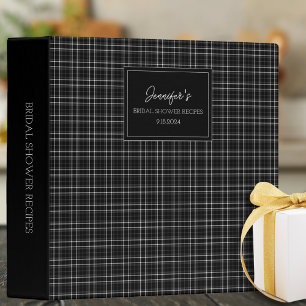 Black and White Plaid Bridal Shower Recipe  Binder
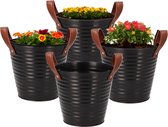 DK Design Plantenpot/bloempot emmer Leather- 4x - zink - zwart - D16 x H15 cm
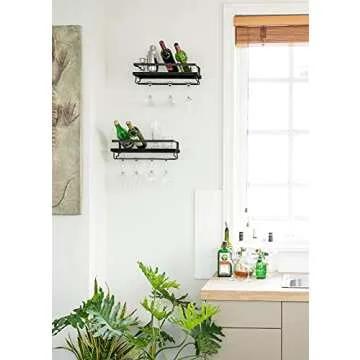 Mkono Wall Mounted Wine Rack Set of 2 Wood Shelf Rustic Wine Bottle Glass Floating Shelves with Stemware Hanger Modern Plants Photos Wine Display Storage Holder for Kitchen Dining Room Bar, Black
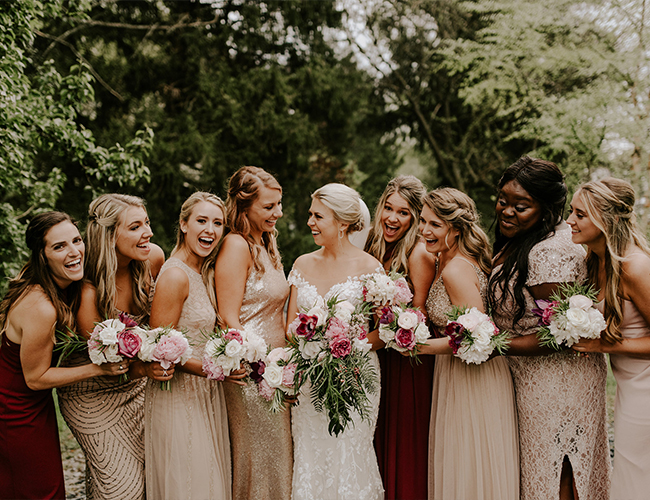 Blush pink and burgundy bridesmaid outlet dresses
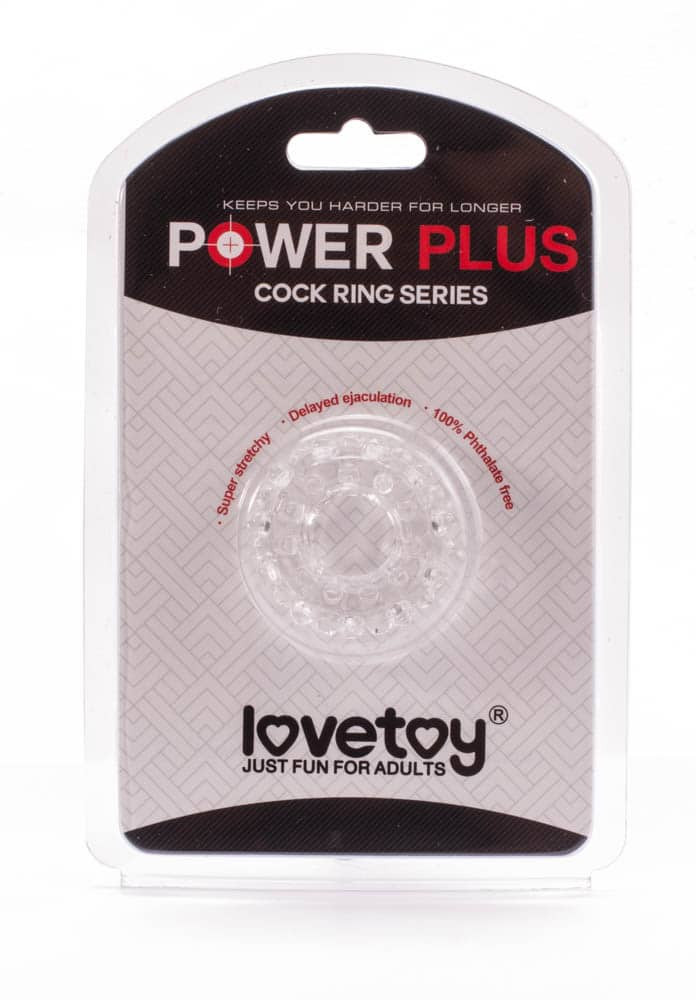 Piercieñ na penisa Lovetoy Power Plus przezroczysty r. 1,6cm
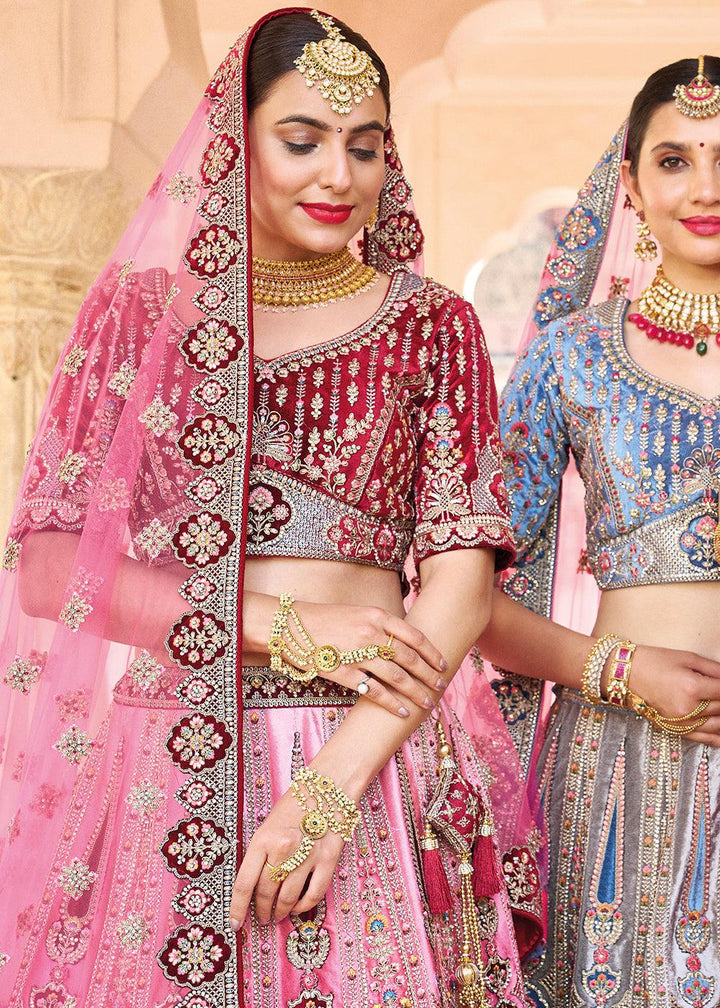 Pink & Red Velvet Lehenga Choli with Heavy Embroidery Work - qivii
________________________
- [What you will do]:
Skip every picture and transcribe the data above exactly.

- [Answer for this exercise]:
 Black and White Plaid Bridal Shower Recipe  Binder
 DK Design Plantenpot/bloempot emmer Leather- 4x - zink - zwart - D16 x H15 cm
 Mkono Wall Mounted Wine Rack Set of 2 Wood Shelf Rustic Wine Bottle Glass Floating Shelves with Stemware Hanger Modern Plants Photos Wine Display Storage Holder for Kitchen Dining Room Bar, Black
 Blush pink and burgundy bridesmaid outlet dresses
 Piercieñ na penisa Lovetoy Power Plus przezroczysty r. 1,6cm
 Pink & Red Velvet Lehenga Choli with Heavy Embroidery Work - qivii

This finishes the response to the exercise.